Oggi, trent’anni dopo, non serve smentire Bosman. Serve semmai ammettere che quel sistema “libero” si è trasformato in un eccesso che ha ingabbiato anche i club più ricchi. E se il PSG, con Donnarumma, prova a invertire la rotta, non lo fa contro Bosman, ma forse per riprenderne lo spirito originario: rimettere al centro il merito, l’equilibrio, la sostenibilità.
Un “caso Bosman al contrario”, allora, non come negazione della rivoluzione, ma come tentativo di ritrovare un senso dentro una realtà che ha perso la bussola.
Il contratto di Donnarumma e la svolta del PSG
Gianluigi Donnarumma è in scadenza di contratto col Paris Saint-Germain nel 2026. Ha ancora un anno davanti, ma il club ha deciso: meglio venderlo adesso. Perché lui, considerato da molti il miglior portiere al mondo, non accetta la formula proposta per il rinnovo. Non è solo una questione tecnica, anche se Luis Enrique predilige portieri abili coi piedi e da tempo strizza l’occhio a Chevalier. Il vero nodo è contrattuale.
Il PSG ha offerto a Donnarumma un rinnovo con ingaggio base contenuto e bonus legati al rendimento. Nessun aumento automatico, nessuna rincorsa al passato. Vuoi di più? Guadagnatelo. È la stessa formula già accettata da Chevalier. Eppure, Donnarumma, assistito dalla squadra che fu di Raiola, chiede un aumento. E allora il club si è fermato. Sta forzando la mano. È disposto anche a perderlo e a mandarlo in Premier.

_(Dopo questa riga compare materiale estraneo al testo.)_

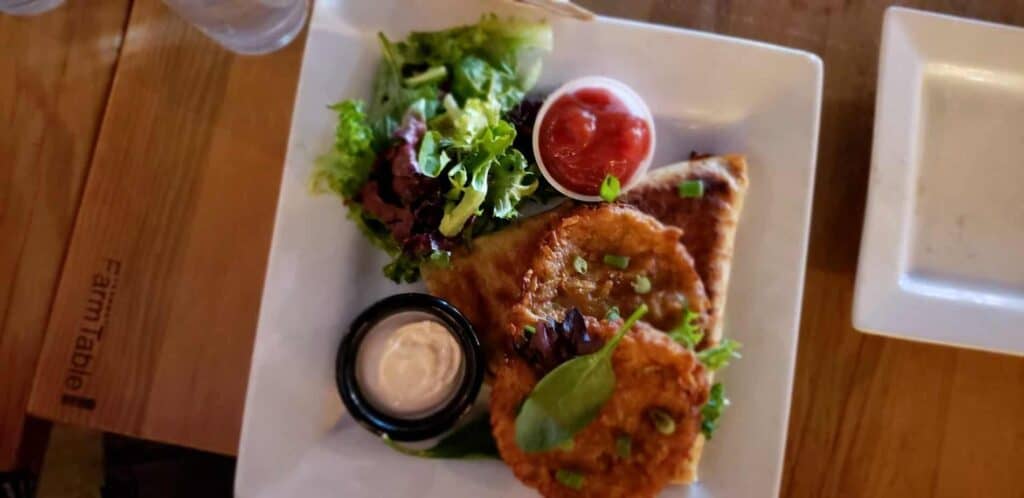 Food on a plate, featuring salad, dips, and a quesadilla.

Questo è il passaggio chiave. È la rivoluzione. Perché ragionare in questi termini può diventare contagioso. Può aprire la strada a un calcio più sostenibile, dove gli stipendi non siano premi a prescindere, ma conquiste da meritarsi. Dove il nome stampato sulla maglia non basta più per garantirsi dieci milioni a stagione. Serve rendimento. Serve coerenza.
E non è un dettaglio che tutto questo succeda a Parigi, dopo una Champions vinta e con uno dei simboli del successo. È il miglior momento possibile per lanciare un segnale, e il fatto che a farlo sia proprio uno di quei club che questo sistema l’ha alimentato nei modi più folli la dice lunga su quanto siamo arrivati a un punto di saturazione.
Forse ci stiamo solo illudendo, anche perché una rondine non fa mai primavera, ma se invece questa linea dovesse diventare una tendenza, allora sì, potremmo essere davanti a un nuovo cambio di paradigma. Non più calciatori viziati e irraggiungibili, ma professionisti valutati per quello che danno. Non più stipendi ingiustificabili, ma premi meritati.
Trent’anni dopo Bosman, forse si torna a parlare di equilibrio. Non per legge, ma per scelta.